Restrictions on visiting other households are being reintroduced in Glasgow and two neighbouring areas after a rise in coronavirus cases.
The new rules will affect more than 800,000 people in Glasgow city, West Dunbartonshire and East Renfrewshire.
They are being told not to host people from other households in their own homes or visit another person’s home.
The restrictions come into effect from midnight. They will last for two weeks, but will be reviewed after a week.
First Minister Nicola Sturgeon said 135 of the 314 new cases in Scotland over the last two days had been in the Greater Glasgow and Clyde area.
She said Covid-19 continued to be a dangerous and potentially deadly virus.
“It is spreading again, particularly in these three local authority areas, and we believe that, in these areas, it is spreading primarily as a result of household gatherings,” she said.
The restrictions will affect 633,120 people living in Glasgow, 95,530 in East Renfrewshire and 88,930 in West Dunbartonshire.
People living in those areas should also not visit someone else’s home, no matter where it is. The only exception to the restriction is for those in extended households.

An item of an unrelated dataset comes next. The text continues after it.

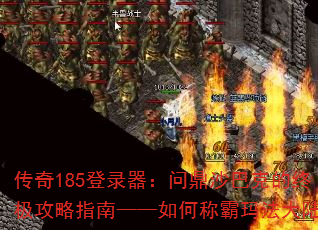 185¼ʶɳͿ˵ռָϡγư귨½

“I think this should be a wake-up call, not just for people in Glasgow city, West Dunbartonshire and East Renfrewshire,” said the first minister.
“It should be a wake-up call for all of us to stick to the guidelines and stop this virus spreading any further or any faster.”
Scotland’s coronavirus hotspots
Positive tests rates in areas subject to restrictions
Ms Sturgeon said the reopening of schools had not been responsible for what had happened.
She said a “very small number” of school-age children had tested positive for the virus, and that this had mostly been driven by community transmission.
“Part of the reason that we have to take tough action, where necessary, to minimise community transmission is to stop that becoming a problem for schools,” she said.
She added that the preventative action was designed to keep schools open and businesses operating.
Ms Sturgeon had raised concerns earlier in the day after the latest daily figures showed that 66 of the 154 new cases recorded in Scotland had been in the NHS Greater Glasgow and Clyde area.
That compared to an average of eight cases a day in the same area in the first two weeks of August.
The daily incidence rate of Covid-19 is now almost 33 new cases per 100,000 people in West Dunbartonshire, 22 in Glasgow and almost 19 in East Renfrewshire. The rate for the rest of Scotland is just over 10.
The local lockdown which was imposed in Aberdeen last month had been triggered by a rate of 14 cases per 100,000 population.